Western Reads Selects ‘Octavia’s Brood: Science Fiction Stories from Social Justice Movements’ for 2018-2019 School Year

Western Washington University has selected “Octavia’s Brood: Science Fiction Stories from Social Justice Movements” as the Western Reads book for the 2018-2019 academic year.

Western Reads is a campus-wide program that serves the university’s first year mission by promoting intellectual engagement, community and civil discourse with new students through experiences related to selected texts.

“Octavia’s Brood” is a compilation of short stories written by a diverse group of activists, artists, poets, and organizers involved in building movements for social change, brought together by editors Walidah Imarisha and adrienne maree brown.

“All organizing is science fiction,” said Imarisha, who spoke at Western during last year’s MLK Day celebration. “We want organizers and movement builders to be able to claim the vast space of possibility, to be birthing visionary stories.”

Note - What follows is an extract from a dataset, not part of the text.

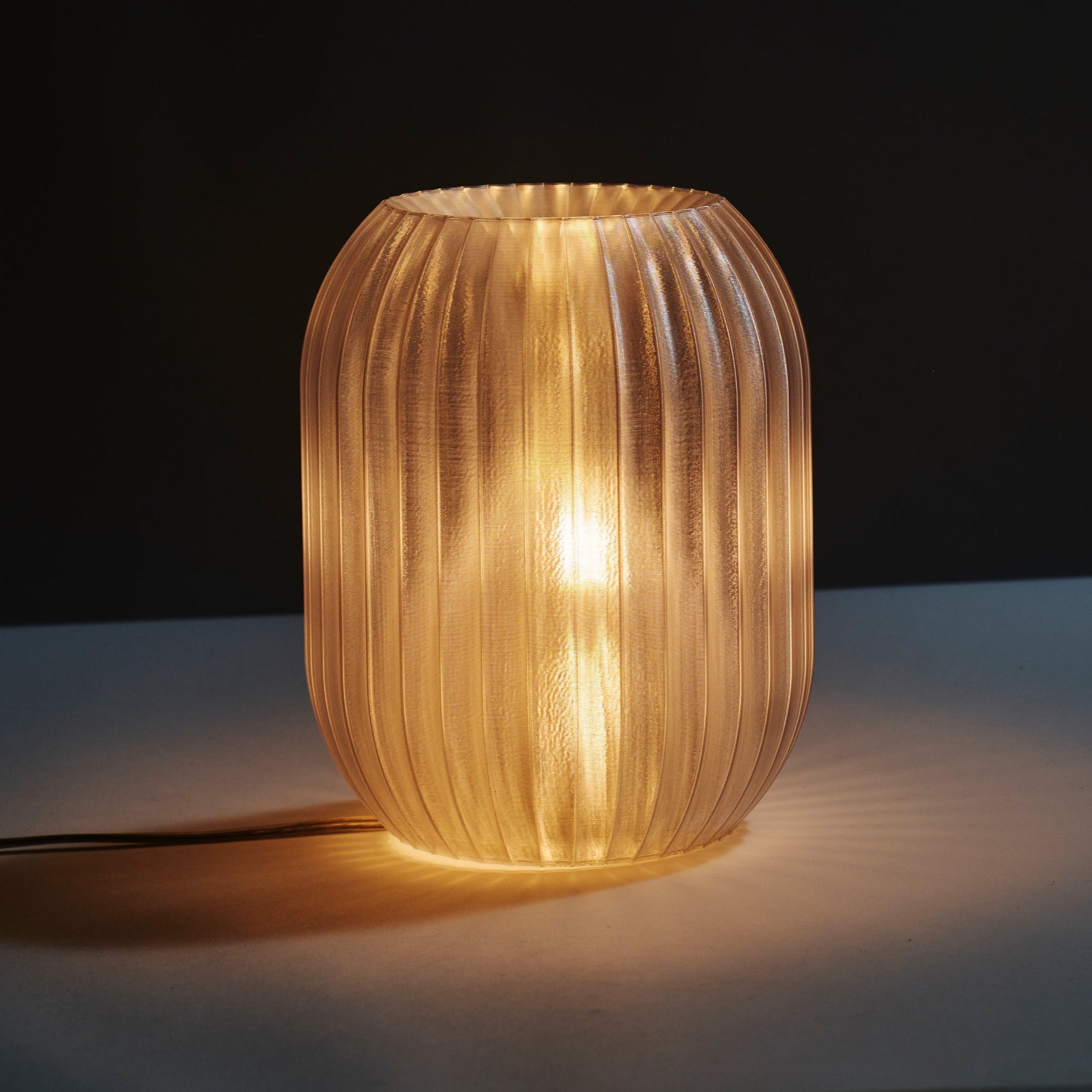 Wooj Design Allium Lamp with clear glass shade and floral-inspired design, displayed on a wooden surface in a modern interior setting.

“The Western Reads Selection Committee was drawn to this book for a variety of reasons including the array of authors who contributed to it, the interdisciplinary nature of the issues at the heart of the short stories, and the potential of the speculative fiction genre to open unexpected ways of responding to our current political climate,” said Molly Ware, associate professor of Secondary Education at Western and incoming director of Western Reads.

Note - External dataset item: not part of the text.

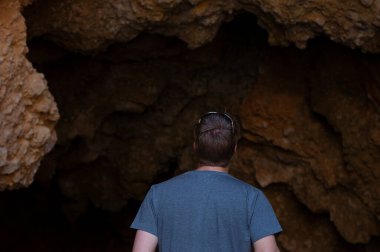 Karanlık kayalık bir mağaraya bakan bir adamın arka görünüşü, keşfi, merakı ve bilinmeyenin gizemini sembolize eder. Doğal kaya dokusuna sahip kavramsal açık hava fotoğrafı..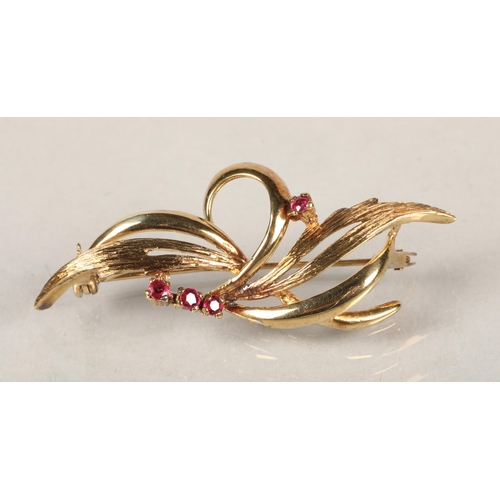 55 - 9 ct gold and ruby brooch, total weight 4 grams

Dedicated to renowned African American science fiction writer Octavia E. Butler, “Octavia’s Brood” focuses on the struggle in the quest for change that was central to Butler’s work. As such, the stories and essays in Octavia’s Brood invite the reader to wrestle with the complexity at the intersection of identity and imagination and to enter the gray areas of race, class, gender, sexuality, militarism, inequality, oppression, resistance and, most importantly, hope central to Butler’s writing.

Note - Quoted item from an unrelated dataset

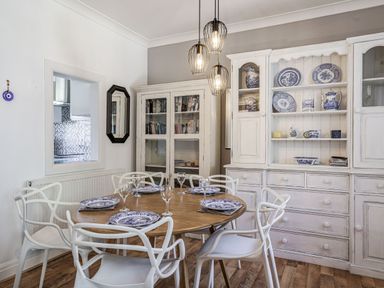 A dining room with a wooden round table set with blue and white plates and glassware surrounded by white chairs with a white cabinet holding blue and white china at Granary Cottage in Pembroke
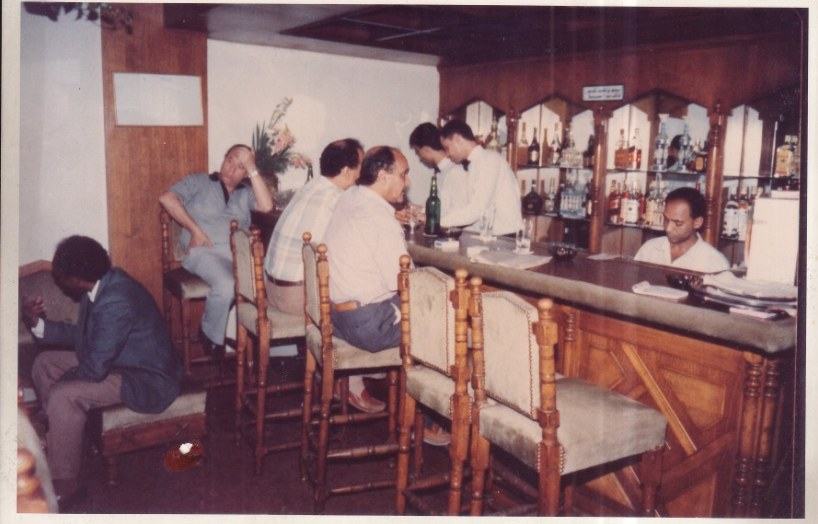 Archive photograph of the bar in the 1980s, guests on stools and the cashier behind the counter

Western Reads will use the stories from Octavia’s Brood alongside those of faculty, staff, alumni, and students at WWU and various national and international social change leaders to explore questions like: How can we build community for change? How can we envision and create a future that serves all of us? How can we stay engaged and find hope in the face of seemingly insurmountable challenge? Can I really make a difference?

Check the Western Reads website for details in early July or contact Molly Ware at molly.ware@wwu.edu with ideas or to learn more about how to get involved. For more information about the Western Reads program, visit www.westernreads.wwu.edu or contact the program at Western.Reads@wwu.edu.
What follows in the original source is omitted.